About 10 years ago, I bought three books of oratorio scores, 2 for Elijah and the other, Samson. Flicking through, I noticed that they had belonged to a Mr. Flood. One of the Elijah scores had a presentation dedication on the fly leaf:-
Presented to
Bro. W. T. L. Flood
by the Morning Star Tent No. 35.
in recognition of Services rendered as
D.R, C.R, & P.C.R. for the years
1913. 1914 & 1915
Signed on behalf of the Tent.
F. Noble. C.R.
C. White. Secretary
This intrigued me and I wanted to know more about this gentleman.

I eventually found a programme of Rushden Park Road Baptist Church for excerpts from Samson and thought I was on the right track, but this man was not mentioned. Time went by and a box of papers came into my hands and among them was a cutting from the Northamptonshire Evening Telegraph dated December 3. 1949:-

COLLAPSED AT CHOIR PRACTICE - Mr. W. T. L. Flood of Rushden.

A few hours after he had received the keys to the new organ console at Rushden Park Road Baptist Church on Friday, the deputy choir master, Mr. Wm. Thomas Lloyd Flood collapsed at the choir practice. He was taken home and died later.

Church members to-day spoke of the way in which Mr. Flood had spent hours watching the organ being renovated. The choir were meeting to practice a special anthem for the opening ceremony.

Well known in local musical circles, Mr. Flood who was 74, came to Rushden when he was about 7 or 8 with the late W. J. Tompkins and lived for years with the late Mr.

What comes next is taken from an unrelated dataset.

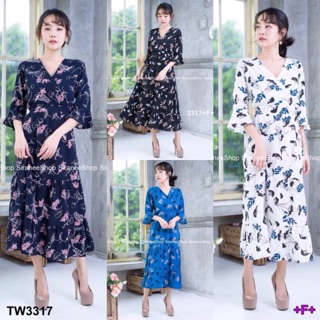 MaxiDress แม๊กซี่เดรสตัวยาวพิมพ์ลายใบไม้ใหม่ล่าสุด (3317)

Bernard Tompkins at the Manse in Park Road.

As a youth he attended the Grammar School at Higham and was employed by Messrs. John Cave and Sons before the great fire.

For many years he was on the staff of Messrs. Fred Knight., of Park Road and afterwards became the Rushden Public Assistance Officer. Always a keen musician, he was for over 20 years choir master and organist at Rushden Independent Wesleyan Church and for part of that time was also deputy choir master at Rushden Park Road Baptist Church. During the war he was choir master at the Park Road Church while Mr. John Days was serving in the army.

From 1918 to 1934 Mr. Flood was secretary of Rushden Choral Society. He was always willing to assist at any musical function in the town.

Mr. Flood was also a keen supporter of the Baptist Recreation Club. In his youth he was well known as a left-hand bat and more recently he was often seen on the bowling green.

He also held high position in the Independent Order of Rechabites, and was, earlier interested in the Band of Hope Union. The widow, Mrs. Clara Elizabeth Flood, lost her brother, Mr. Eli Groome, just over a week ago and recently suffered two accidents.

A son Mr. Ewart Flood, is a school master in Ilford. Mr. Flood lived at 42, Queen Street. Rushden.

Rechabite: Member of a teetotal benefits society, (the Independent Order of Rechabites) founded in 1835, and so named from Rechab, who enjoined his family to abstain from wine and dwell intents. (Jeremiah 35. 6-7.)

In the Census of 1901, he was a foreman in a shoe factory, lodging in Queen Street with Mr and Mrs. George Wrench and three other lodgers. I now know a bit about this gentleman, I hope it interests you too. A.C.